On April 23rd, the California Supreme Court — unanimously, mind you — ruled that the Commission unlawfully overrode a county-approved building permit. This was described as “one of the first major checks on the California Coastal Commission in almost 40 years.”

Forty years! These people have been running roughshod over property owners since the Reagan administration, and nobody managed to stop them until now.

The case involved a developer named Tim Shea who bought eight residential lots in Los Osos back in 2003. The county approved his plan to build four homes initially, with four more to come later. Normal stuff. The kind of development that happens in every state in the country without bureaucratic warfare.

But the Coastal Commission swooped in and blocked the whole thing. Why? Because they could. That’s essentially what it came down to. They just… said no.

Tim Shea fought them for over twenty years.

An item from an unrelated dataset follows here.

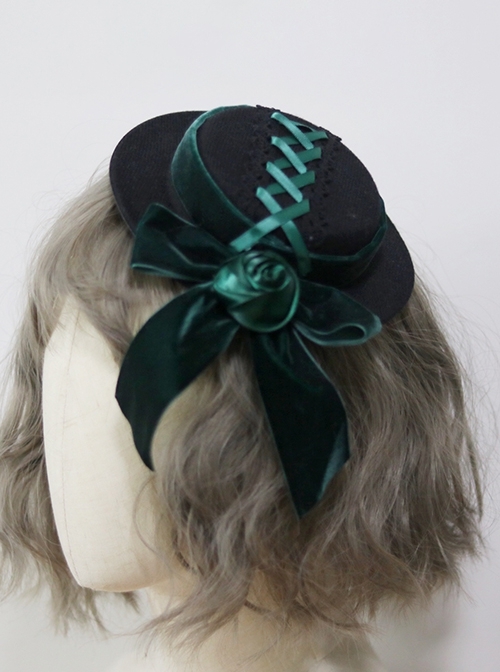 Gothic Dark Green Velvet Bow-Knot Rose Retro Gothic Lolita Small Topper Hairpin  |  Lolita Hairpins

Twenty. Years. Think about that. This man bought property, got county approval, and then spent the next two decades of his life battling an unelected commission that decided his building permits were somehow their business.

The Pacific Legal Foundation took up his case, and attorney Jeremy Talcott put it perfectly: the Commission “lacked the power to intervene.” They never had the authority to block those permits in the first place. They just did it because nobody had the resources or the stamina to fight back.

Until Tim Shea. That man is a patriot with the patience of a saint and the stubbornness of a mule. God bless him.

And the unanimous ruling sends a message to every lower court in California: stop rubber-stamping this commission’s power grabs. Start actually reviewing whether they have jurisdiction before letting them bulldoze another property owner.

We talk a lot about the federal bureaucracy and how DOGE is cleaning house in Washington. But California has its own layer of unaccountable bureaucrats who’ve been terrorizing citizens for decades. The Coastal Commission is exhibit A — a body that literally punished a rocket company for its CEO’s politics and blocked a man from building on his own land for two decades.

Two losses in three weeks. A forced apology to SpaceX and a unanimous Supreme Court smackdown. For an agency that’s used to getting whatever it wants, whenever it wants, this has to sting.

Welcome to accountability, California Coastal Commission. We know it’s a new concept for you, but you’ll get used to it. Or you won’t. Either way, the courts are done letting you play dictator with other people’s property.